Ask “Mr. Music”
Jerry Osborne


DEAR JERRY: I enjoyed your column on the weirdness of the Christmas charts. It reminds me of how little I understand the trade publications creating separate surveys for essentially the same records found on the Top 100, 200, or more if they needed extra slots.

If a soul or country record sells well enough, it will take its place on the catch-all Top Hits chart anyway. Thousands of examples of this exist. How did this come about?

I read somewhere that George Michael was the first white artist to have a No. 1 album on the black music charts, with his “Faith” LP.

I don't even regard George as a blue-eyed soul singer, a term commonly used to describe soul-sounding whites, like the Righteous Brothers; Hall & Oates; Elvis; and Tom Jones.

Didn't any of these artists score that high in the soul music field?
—Jim O'Donnel, Branson, Mo.

DEAR JIM: I agree that so many different national charts can be confusing, though the one aspect you might be overlooking is they were not created for the general public. Locally-produced surveys by radio stations in every area of the country did a good job of meeting that need.

In their early years, the Billboard and Cash Box charts primarily provided coin machine operators with the tunes getting the most plays around the country.

Be it a restaurant, bar, or amusement park, each location has its own demographic. The music must match the tastes of the patrons in order to generate the coveted metallic waterfall, meaning that machine is earning its keep.

This is where the weekly trades proved absolutely essential.

Even the name Cash Box comes from the cash boxes in jukes, and other coin operated machines.

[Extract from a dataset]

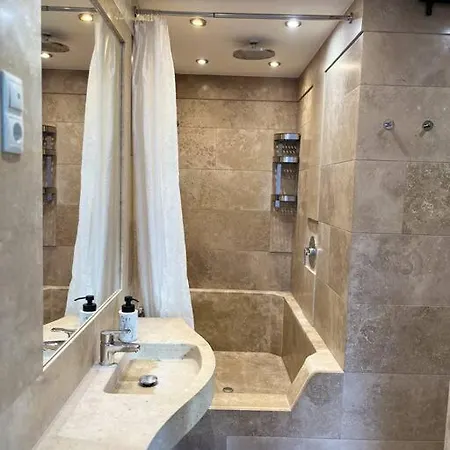 Spacious With Shared Jacuzzi/private Terrace * Budapest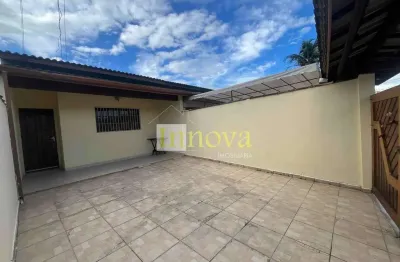 Casa térrea à venda, com uma suíte e vaga para 02 veículos,  no bairro do poiares, em caraguatatuba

Until the end of 1960, Billboard's masthead read “The World's Foremost Amusement Weekly.” Many phases of the entertainment world were covered then, but none as much as coin-operated machines.

For that industry, as well as record distributors, rack jobbers, retailers, and radio stations, having separate charts made it much easier to stock or play the style of music most appropriate for the location or format. Finding Kitty Wells and Mary Wells on the same juke would mean someone made a mistake.

All records looked alike, and many were by unfamiliar names. The charts meant not having to audition hundreds of records each week.

Then, with their first issue of 1961, Billboard's revised masthead reflected the dynamic shift toward music and records: “BILLBOARD MUSIC WEEK - Music - Phonograph Merchandising - Radio-TV Programming - Coin Machine Operating.”

In January 1965, the modified masthead read “Billboard, The International Music News Weekly: Radio-TV Programming - Phono-Tape Merchandising - Coin Machine Operating.”

Subsequent issues continued to reflect the changing times and formats, sans amusements: (July 1966) International Music-Record Newsweekly”; (June 1969) “International Music-Record-Tape Newsweekly”; (July 1980) “Radio Programming Music/Record International Newsweekly”; (Oct. 1981) “International Newsweekly of Music & Home Entertainment”; (June 1992) “International Newsweekly of Music, Video and Home Entertainment”; and (April 2004) “International Authority on Music, Video and Digital Entertainment.”

In April 2005, they dropped all sub-heads and used just “Billboard.”

Now, with CD sales dropping big time and vinyl and downloading on the rise, it will be interesting to see the direction taken by the coin machine industry.

Regardless, as long as radio — over the air as well as internet-based — sticks with specific formats, there will likely be a demand for separate charts to lend a hand.

None of the blue-eyed soul stars you mention topped the R&B/Soul/Black LP chart, though all did appear elsewhere on those charts, either with albums or singles.

George Michael is the first solo artist to do so, but whether he is the first overall depends on how you view “Saturday Night Fever.”

Technically, this soundtrack is a various artists compilation; however, it is widely regarded as a Bee Gees LP, and usually filed as such.

Since the black music chart ranked “Saturday Night Fever” at No. 1 for six weeks in early 1978, the Bee Gees, Brits like Michael, can stake a claim to being the first Caucasians atop that survey.

IZ ZAT SO? Here is a quirky twist to George Michael's soul success with “Faith,” the album and the single.

The Gold Record award-winning single, George's biggest hit and the lead track on the “Faith" album, never appeared among the Hot Black Singles.

Another tune from the “Faith” album did, however. Michael's “One More Try” held the No. 1 position on both the black singles and albums, at the same time.

Not even the Bee Gees matched this strangely paradoxical feat.